1 Reply Latest reply on Sep 22, 2014 7:58 AM by dipak

    vload4 vs 4 individual memory accesses : bank conflicts


      What is the advantage of vload4 over 4 single memory accesses?

      Suppose I am loading memory from local memory. Below are two kernels. The second kernel should exhibit no bank conflict.
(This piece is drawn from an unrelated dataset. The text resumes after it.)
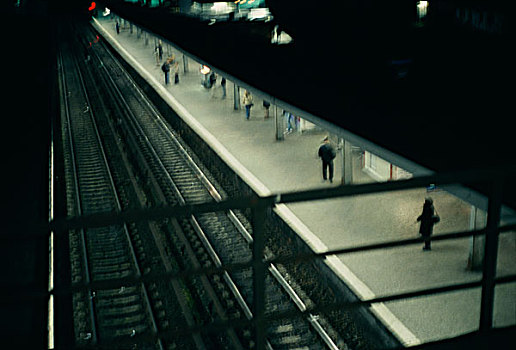 模糊,夜晚,场景,列车,车站,人,等待,站台,轨道,风景,高处,柏林,德国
      Does the first have bank conflicts? Because, if one vload is executed per clock, then there should be conflicts in a half wave.

      void kernel1() {

      int start = get_global_id(0)*4;

      int4 test = vload4(start,localBuffer);




      void kernel2() {

      int4 test;

      int start = get_global_id(0)*4;

      test.x = localBuffer[start];

      test.y = localBuffer[start+1];

      test.z = localBuffer[start+2];

        test.w = localBuffer[start+3];


        • Re: vload4 vs 4 individual memory accesses : bank conflicts


          As per section 6. OpenCL Performance and Optimization for GCN Devices->6.2 Local Memory (LDS) Optimization in APP Programming guide


          A simple sequential address pattern, where each work-item reads a float2 value from LDS, generates a conflict-free access pattern on the AMD Radeon HD 7XXX GPU. Note that a sequential access pattern, where each work-item reads a float4 value from LDS, uses only half the banks on each cycle on the AMD Radeon. HD 7XXX GPU and delivers half the performance of the float access pattern.

          I guess, in case of kernel1, vload4 has same effect as reading float4 value and accordingly performance will be half.